I want to use the test_id feature more.
I configured Capybara.test_id = "data-testid"

I see that there is support for test ids in many matchers.
(In geeneral, it would be great to have support for it in all matchers.)

I want to test, if a certain element with a test id exists.
Currently, I can only test for it with the has_css matcher.
like expect(page).to have_css("[data-testid='my-id']"))

This is tedious to write and it hardcodes data-testid.

I would prefer to have a dedicated matcher for test_id called has_test_id?
One could use it like this: expect(page).to have_test_id('my-id')

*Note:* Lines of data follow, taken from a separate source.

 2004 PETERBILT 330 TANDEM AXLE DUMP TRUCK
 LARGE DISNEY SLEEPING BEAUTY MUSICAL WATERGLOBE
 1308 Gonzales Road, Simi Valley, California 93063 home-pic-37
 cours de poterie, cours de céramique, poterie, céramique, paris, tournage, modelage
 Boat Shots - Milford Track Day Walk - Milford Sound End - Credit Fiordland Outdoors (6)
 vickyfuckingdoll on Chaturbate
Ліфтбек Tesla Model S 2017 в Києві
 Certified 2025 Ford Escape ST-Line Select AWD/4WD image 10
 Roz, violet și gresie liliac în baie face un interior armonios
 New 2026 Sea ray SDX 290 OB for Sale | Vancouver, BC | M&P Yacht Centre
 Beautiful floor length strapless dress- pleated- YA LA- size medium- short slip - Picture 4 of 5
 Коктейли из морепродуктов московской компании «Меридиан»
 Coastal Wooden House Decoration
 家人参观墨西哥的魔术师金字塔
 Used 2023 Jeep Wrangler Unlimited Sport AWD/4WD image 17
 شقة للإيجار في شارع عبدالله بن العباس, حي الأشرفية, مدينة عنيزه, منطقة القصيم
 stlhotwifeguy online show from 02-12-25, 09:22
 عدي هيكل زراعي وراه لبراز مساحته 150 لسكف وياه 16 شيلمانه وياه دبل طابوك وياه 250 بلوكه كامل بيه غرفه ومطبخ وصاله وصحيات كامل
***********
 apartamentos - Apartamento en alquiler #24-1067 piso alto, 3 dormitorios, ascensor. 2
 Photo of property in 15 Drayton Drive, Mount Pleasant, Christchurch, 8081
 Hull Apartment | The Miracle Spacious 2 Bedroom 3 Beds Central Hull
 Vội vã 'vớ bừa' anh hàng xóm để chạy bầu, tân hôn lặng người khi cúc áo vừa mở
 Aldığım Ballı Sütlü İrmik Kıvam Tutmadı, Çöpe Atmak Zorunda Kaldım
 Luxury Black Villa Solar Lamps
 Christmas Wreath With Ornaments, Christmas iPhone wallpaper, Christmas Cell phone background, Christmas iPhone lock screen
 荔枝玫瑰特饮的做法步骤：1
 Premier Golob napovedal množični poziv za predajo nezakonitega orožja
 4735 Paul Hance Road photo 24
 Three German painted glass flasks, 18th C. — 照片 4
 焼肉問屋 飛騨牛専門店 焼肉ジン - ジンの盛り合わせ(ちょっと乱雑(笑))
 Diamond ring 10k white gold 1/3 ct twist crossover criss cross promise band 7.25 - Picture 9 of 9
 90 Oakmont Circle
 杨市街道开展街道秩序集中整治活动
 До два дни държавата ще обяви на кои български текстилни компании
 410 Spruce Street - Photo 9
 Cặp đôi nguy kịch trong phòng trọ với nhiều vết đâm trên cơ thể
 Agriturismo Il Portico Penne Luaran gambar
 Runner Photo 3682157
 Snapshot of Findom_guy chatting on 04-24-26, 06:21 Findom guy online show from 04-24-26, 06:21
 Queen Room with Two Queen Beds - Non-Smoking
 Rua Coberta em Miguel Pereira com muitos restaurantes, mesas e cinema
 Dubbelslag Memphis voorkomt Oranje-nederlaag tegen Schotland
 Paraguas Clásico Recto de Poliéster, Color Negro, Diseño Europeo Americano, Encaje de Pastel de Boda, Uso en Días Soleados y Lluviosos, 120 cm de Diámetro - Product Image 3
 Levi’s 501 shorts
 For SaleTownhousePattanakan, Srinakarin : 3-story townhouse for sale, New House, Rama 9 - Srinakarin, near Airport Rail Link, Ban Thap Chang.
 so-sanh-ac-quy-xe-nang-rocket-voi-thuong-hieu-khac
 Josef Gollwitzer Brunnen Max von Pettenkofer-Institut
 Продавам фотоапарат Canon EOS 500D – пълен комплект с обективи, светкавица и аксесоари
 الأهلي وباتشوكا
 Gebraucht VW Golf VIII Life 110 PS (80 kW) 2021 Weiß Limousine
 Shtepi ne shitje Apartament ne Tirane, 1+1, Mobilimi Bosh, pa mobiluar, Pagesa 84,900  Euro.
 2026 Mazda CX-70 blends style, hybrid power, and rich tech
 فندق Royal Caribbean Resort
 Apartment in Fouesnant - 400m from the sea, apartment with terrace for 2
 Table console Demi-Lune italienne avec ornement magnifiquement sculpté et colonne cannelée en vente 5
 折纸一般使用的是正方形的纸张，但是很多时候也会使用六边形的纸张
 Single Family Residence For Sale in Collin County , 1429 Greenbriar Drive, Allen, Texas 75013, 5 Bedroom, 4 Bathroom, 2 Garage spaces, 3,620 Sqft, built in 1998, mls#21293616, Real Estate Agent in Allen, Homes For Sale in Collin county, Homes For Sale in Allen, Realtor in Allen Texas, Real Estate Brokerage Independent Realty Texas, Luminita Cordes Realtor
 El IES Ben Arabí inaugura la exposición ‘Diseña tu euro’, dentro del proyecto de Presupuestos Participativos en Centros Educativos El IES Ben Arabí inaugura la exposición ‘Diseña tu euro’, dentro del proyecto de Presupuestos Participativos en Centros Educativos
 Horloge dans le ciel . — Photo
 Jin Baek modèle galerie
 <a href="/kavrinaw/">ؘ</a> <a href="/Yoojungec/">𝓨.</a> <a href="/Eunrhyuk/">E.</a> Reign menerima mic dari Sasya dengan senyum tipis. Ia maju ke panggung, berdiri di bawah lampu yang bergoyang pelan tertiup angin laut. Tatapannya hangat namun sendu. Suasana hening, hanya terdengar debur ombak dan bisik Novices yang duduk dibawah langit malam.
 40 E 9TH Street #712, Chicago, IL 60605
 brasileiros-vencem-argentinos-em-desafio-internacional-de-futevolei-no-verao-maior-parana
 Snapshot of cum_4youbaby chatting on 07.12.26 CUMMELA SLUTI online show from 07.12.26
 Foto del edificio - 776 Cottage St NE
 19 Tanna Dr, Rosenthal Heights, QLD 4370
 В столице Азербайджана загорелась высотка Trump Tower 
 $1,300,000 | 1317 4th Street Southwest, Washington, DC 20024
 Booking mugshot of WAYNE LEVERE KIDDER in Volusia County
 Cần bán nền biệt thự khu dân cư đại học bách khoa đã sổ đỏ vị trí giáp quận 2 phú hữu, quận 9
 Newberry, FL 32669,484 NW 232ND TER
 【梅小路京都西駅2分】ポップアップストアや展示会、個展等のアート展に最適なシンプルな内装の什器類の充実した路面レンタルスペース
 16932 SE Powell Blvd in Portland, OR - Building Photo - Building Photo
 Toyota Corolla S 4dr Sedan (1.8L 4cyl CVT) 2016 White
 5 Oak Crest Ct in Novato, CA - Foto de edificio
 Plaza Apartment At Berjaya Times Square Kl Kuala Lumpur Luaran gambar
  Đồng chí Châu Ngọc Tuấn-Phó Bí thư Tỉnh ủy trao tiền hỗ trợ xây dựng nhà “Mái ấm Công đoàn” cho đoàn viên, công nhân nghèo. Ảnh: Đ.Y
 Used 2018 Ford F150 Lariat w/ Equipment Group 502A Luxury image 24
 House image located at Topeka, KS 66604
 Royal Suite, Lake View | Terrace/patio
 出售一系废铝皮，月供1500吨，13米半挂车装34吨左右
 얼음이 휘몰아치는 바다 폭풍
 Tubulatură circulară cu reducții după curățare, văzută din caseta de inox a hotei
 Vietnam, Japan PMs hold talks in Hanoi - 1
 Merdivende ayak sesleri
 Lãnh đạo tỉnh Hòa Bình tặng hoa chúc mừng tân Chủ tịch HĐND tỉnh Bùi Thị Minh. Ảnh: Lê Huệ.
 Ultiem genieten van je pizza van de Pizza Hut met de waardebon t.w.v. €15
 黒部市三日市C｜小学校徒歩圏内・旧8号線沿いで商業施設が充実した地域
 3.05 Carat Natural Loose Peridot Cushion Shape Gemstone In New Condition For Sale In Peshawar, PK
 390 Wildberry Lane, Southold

Pseudo code implementation:

def has_test_id?(test_id)
  has_css?("[#{Capybara.test_id}='#{test_id}']")
end

Meta

Capybara Version: capybara (3.39.2)
Driver Information (and browser if relevant):
N/A

You can use Capybara.add_selector to define any custom selectors you like in your project

Fair enough.

I solved it with some Rspec matchers. They are called have_test_id and have_test_id_and_css.
I hope they are helpful for someone. See my blog post introducing them: https://tobiasmaier.info/posts/2023/06/19/rspec-capybara-data-testid.html

@tmaier The way you've implemented (via predicates) has a number of downsides, not least of which you can't use it with any of the finders, which is what you really want test ids for. Nobody really wants to know, or assert that a test id exists in the document (end users don't know about test ids), what you want is to be able to find the element with the test id so you can scope interactions with the page. You'll be much better off if you add a custom Capybara selector, and then build any matchers based on the have_selector matcher. By creating a selector called testid (or whatever you want) then you can do things like find(:testid, 'my_test_id').select('some option') etc. (or create a find_testid helper based off find). That way you are extending Capybara functionality not building a couple of pieces beside it which won't work well in conjunction.